> _Task details_
Word for word, please copy the listing below, with its pictures left out.
START Source data
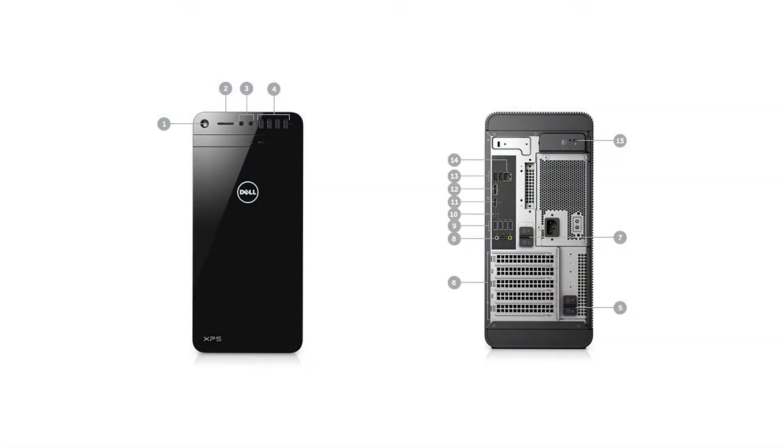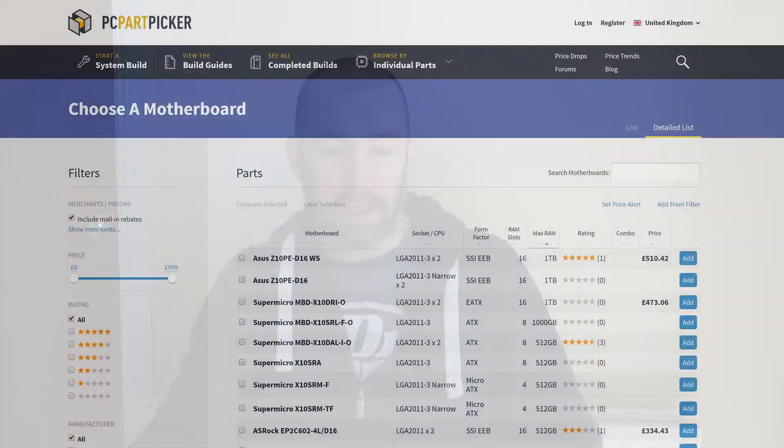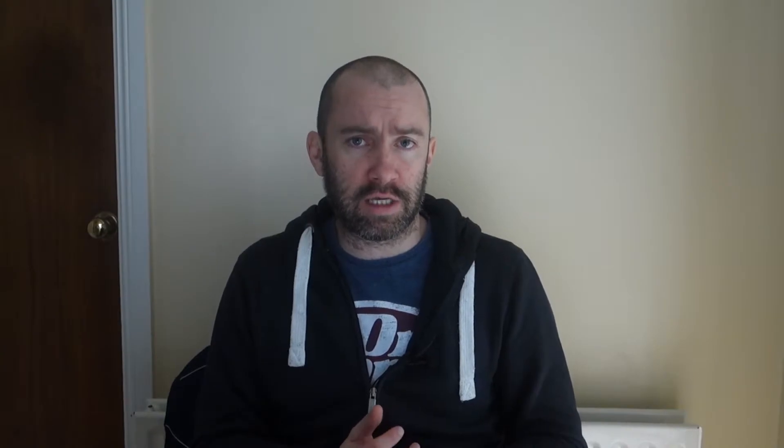There are some newer computers, some brands that aren't offering this. I looked at the Dell Inspiron Alienware PCs just out of curiosity and they don't offer the PS2 ports. But most of the motherboards on PCPartPicker.com, the UK version — I was looking at a lot of the motherboards and some of the top-end ones support 512GB RAM and things like that. Really high-end, expensive motherboards. And they still offer the PS2 port.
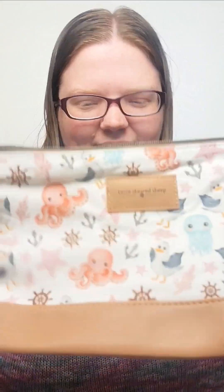So first we have our Ocean Friends Trinity bag. Let's take it out of the package so you can see. This is a brand new exclusive print for the Trinity bag. You can hold about two to three balls of yarn in here. There's a little pocket on the back and it has all of these cute little Ocean Friends on it. This just makes me think of summer and the beach.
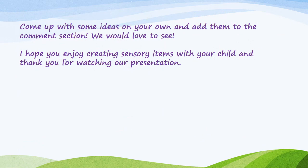I hope you all come up with some ideas on your own or use the ones you've seen today. If you've got new ideas, please add them to the comment section — we would love to see. I hope you enjoy creating sensory items with your child, and thank you for watching our presentation.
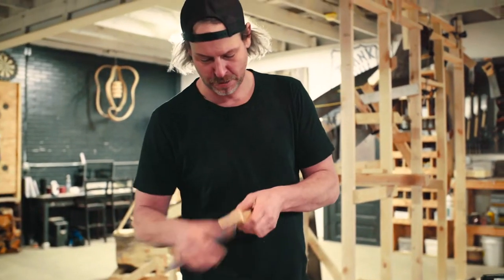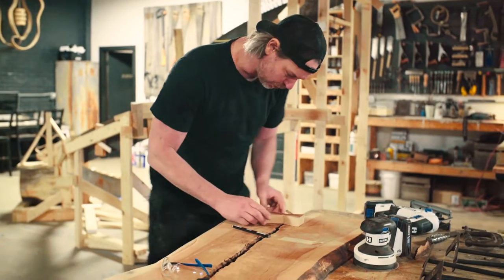All right, so I cleaned this bow tie up a little bit and now I'm gonna insert it into the board right there.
END Source data
> _Expected answer_
There are some newer computers, some brands that aren't offering this. I looked at the Dell Inspiron Alienware PCs just out of curiosity and they don't offer the PS2 ports. But most of the motherboards on PCPartPicker.com, the UK version — I was looking at a lot of the motherboards and some of the top-end ones support 512GB RAM and things like that. Really high-end, expensive motherboards. And they still offer the PS2 port.
So first we have our Ocean Friends Trinity bag. Let's take it out of the package so you can see. This is a brand new exclusive print for the Trinity bag. You can hold about two to three balls of yarn in here. There's a little pocket on the back and it has all of these cute little Ocean Friends on it. This just makes me think of summer and the beach.
I hope you all come up with some ideas on your own or use the ones you've seen today. If you've got new ideas, please add them to the comment section — we would love to see. I hope you enjoy creating sensory items with your child, and thank you for watching our presentation.
All right, so I cleaned this bow tie up a little bit and now I'm gonna insert it into the board right there.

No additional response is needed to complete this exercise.